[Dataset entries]
-----

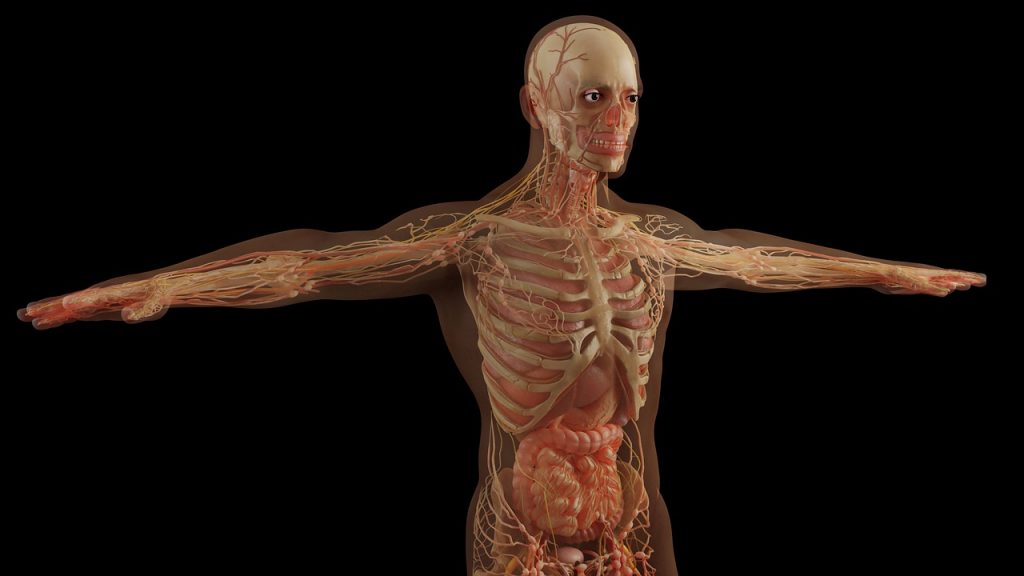 Anatomy Skull Skeleton Muscles  - Monoar_CGI_Artist / Pixabay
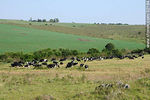 Vacas lecheras. - Foto #32164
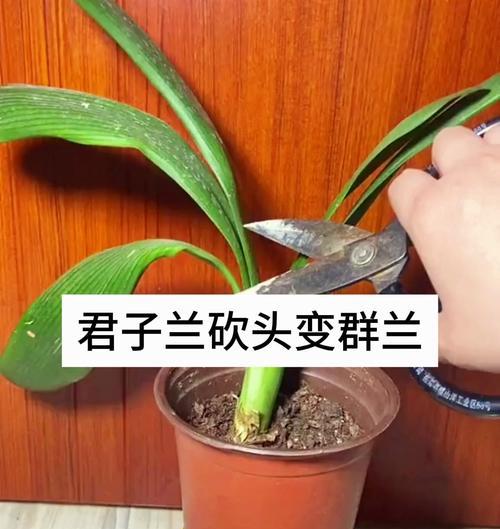 君子兰憋群兰发芽需要多长时间？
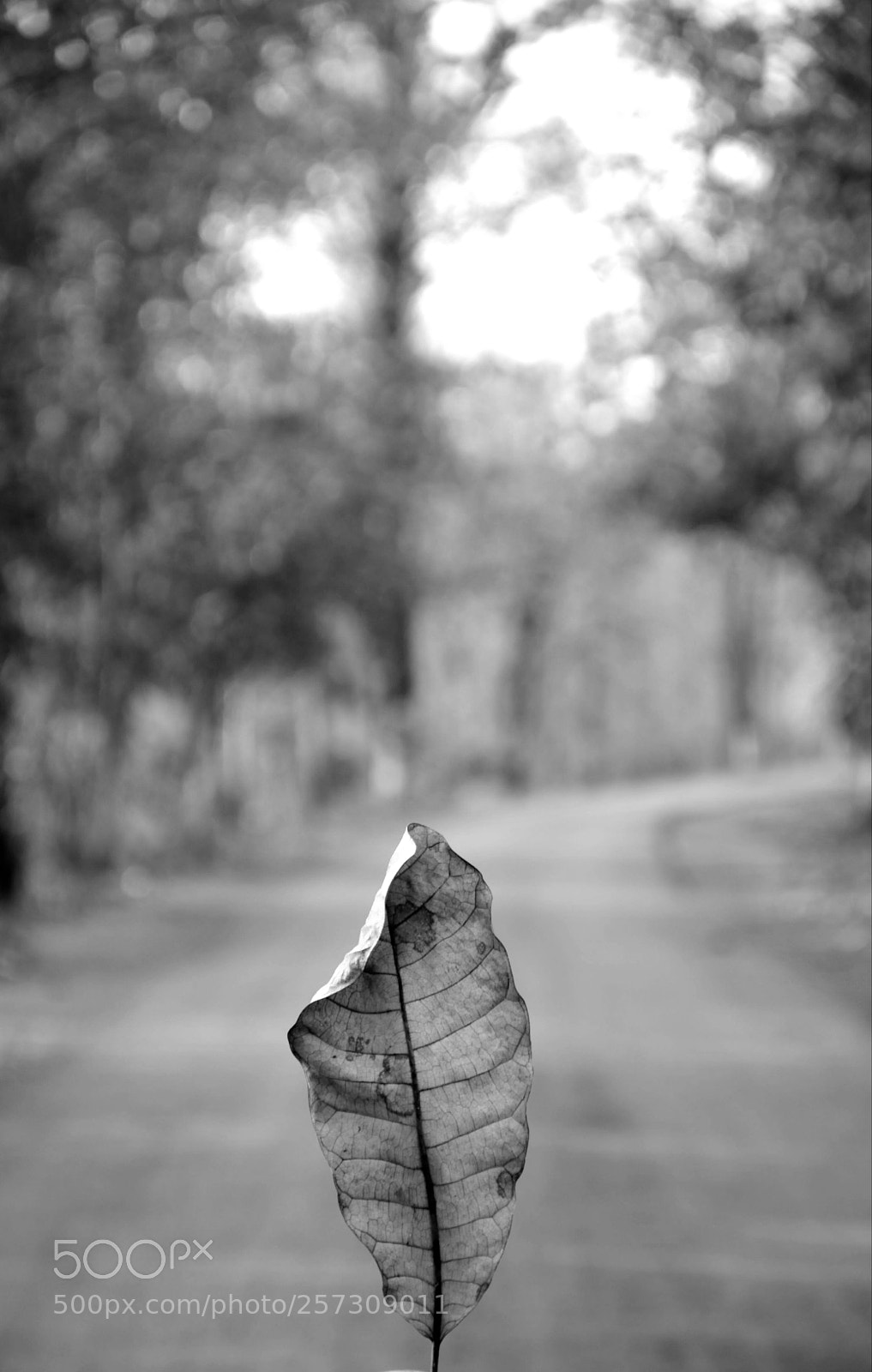 Nikon D7000 sample photo. Untitled photography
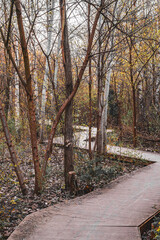 Forest with path 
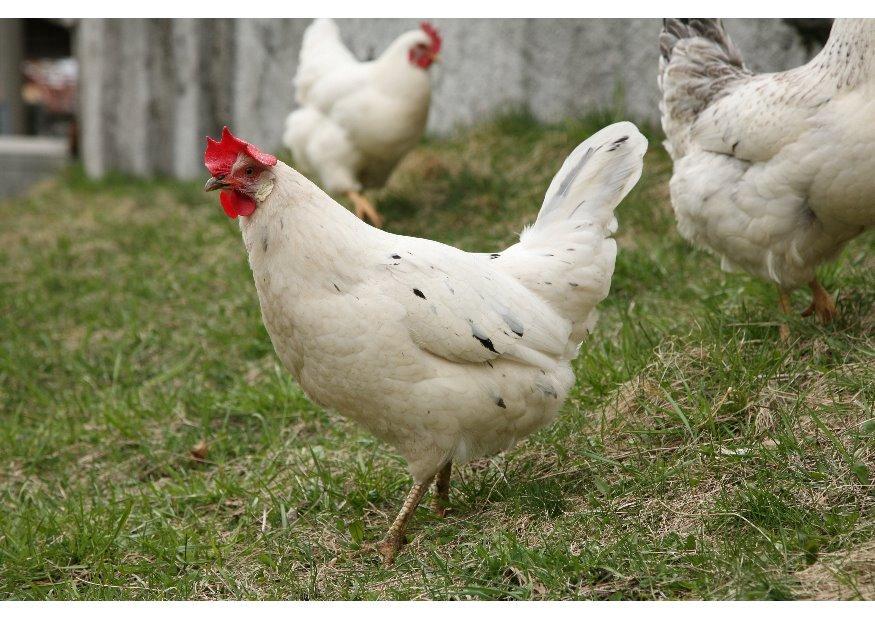 huhn - henne Foto huhn - henne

-----

▶ **What to produce**: Give the entries back verbatim and omit the images.

▶ **Response to this exercise**:
 Anatomy Skull Skeleton Muscles  - Monoar_CGI_Artist / Pixabay
 Vacas lecheras. - Foto #32164
 君子兰憋群兰发芽需要多长时间？
 Nikon D7000 sample photo. Untitled photography
 Forest with path 
 huhn - henne Foto huhn - henne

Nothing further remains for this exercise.